‘We don’t do planning,” says Russell Gray, “or regulations, or any of that bollocks.” The property developer is standing in his canal-side warehouse in Hackney, London, next to a gigantic model of a prehistoric shark with blood stains smeared around its gaping mouth. “We’re about liberating the arts and architecture from institutional control.”
This week, Gray is launching a shiver of sharks into Regent’s Canal: five polystyrene and fibreglass beasts equipped with smoke machines, laser beams and speakers. Some will even blow bubbles out of their mouths. Over the coming weeks, the sharks will sing songs and give lectures to each other on the subject of architecture and urbanism. This is the latest iteration of the Antepavilion, an annual commission organised by Gray’s company, Shiva, in collaboration with the Architecture Foundation. That’s if the council doesn’t confiscate the fearsome creatures first.
Gray has a long record of baiting the authorities. He once parked a tank on a site in Southwark over a feud with the council. Its gun is still pointing at the planners’ offices. More recently, he has locked horns with Hackney council over structures erected on the roof of Hoxton Docks, a complex of artists’ studios and spaces in a jumble of old wharf buildings that he bought in the late 1980s. “The planners say it’s all ‘incongruous’,” he tells me, referring to the menagerie of structures his rooftop has acquired over the years. “Who are they to depreciate our interventions with that term?”
It began with the Beach House, a two-bed cabin built in 2015 and clad with sheeting made from recycled packaging, which the council deemed to have an “unacceptable impact” on the listed (and vacant) Edwardian bathhouse nearby. A couple more experimental cabins followed, before the endeavour was formalised as an annual open competition, conceived as a riposte to what Gray regards as the exclusivity of the Serpentine pavilion.
The last three years have seen young architects concoct a pavilion modelled on an oversized air-conditioning duct, an inflatable gourde-shaped theatre on a barge and a multi-storey performance structure clad with jaunty green chequerboard panels. None of these temporary follies have had planning permission, and the council has served an enforcement notice on all of the surviving structures, arguing they do not “respect in any way the architectural historic quality and character of the surrounding conservation area”, calling them “alien” and “inappropriate”.
“There is a bipolar culture in planning,” Gray says, “which is that you bully the little man and lick the arse of the big developer because he pays out big sums in cash. Look at how the canal has been destroyed around here with luxury towers. Planning is a profit centre for local authorities.” Reflecting his frustrations, this year’s Antepavilion brief called on entrants to “respond to the tension between authoritarian governance of the built environment and aesthetic libertarianism”.

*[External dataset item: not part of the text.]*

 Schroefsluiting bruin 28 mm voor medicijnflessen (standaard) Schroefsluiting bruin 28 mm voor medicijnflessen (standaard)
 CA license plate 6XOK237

The winning design is a surreal floating tableau that references one of the great planning disputes of our time. SHARKS! is by Jaimie Shorten, a Hackney-based architect more used to designing residential schemes than great whites. “It seemed like the obvious answer to the brief,” says Shorten. “The ethos that new things have to be ‘in keeping’ is illogical. If things fit in with each other, then everything’s always going to be the same.”
Shorten was inspired by the Headington Shark in Oxford, a symbol to many of the triumph of eccentricity over bureaucracy. The sculpture of an eight-metre-long shark crashing into the roof of a terraced house was commissioned by radio broadcaster Bill Heine in 1986 and became a sensation when planners insisted it be removed.
After a six-year legal battle, Heine was victorious. The planning inspector found in favour of the shark, stating: “In this case it is not in dispute that the shark is not in harmony with its surroundings, but then it is not intended to be in harmony with them.” He understood that the council was concerned about setting a precedent, but concluded: “This fear is exaggerated. In the five years since the shark was erected, no other examples have occurred.”
That is, until now. “Our version is more like a boyband or girlband,” says Shorten. “There are two prehistoric megalodons, a couple of great whites, and a tiger shark. They have different personalities, like sporty shark and ginger shark.” The creatures will be arranged in different formations, one tableau echoing The Raft of the Medusa, the famous Géricault painting of catastrophe at sea, another as a chorus line and, of course, a socially distanced configuration.
“There are so many things you can do with sharks,” says Shorten. “They have a rich cultural presence, from Jaws to Viz comic’s Pathetic Sharks. Somehow, the idea of these dead-eyed, amoral creatures seems very suitable for our times.”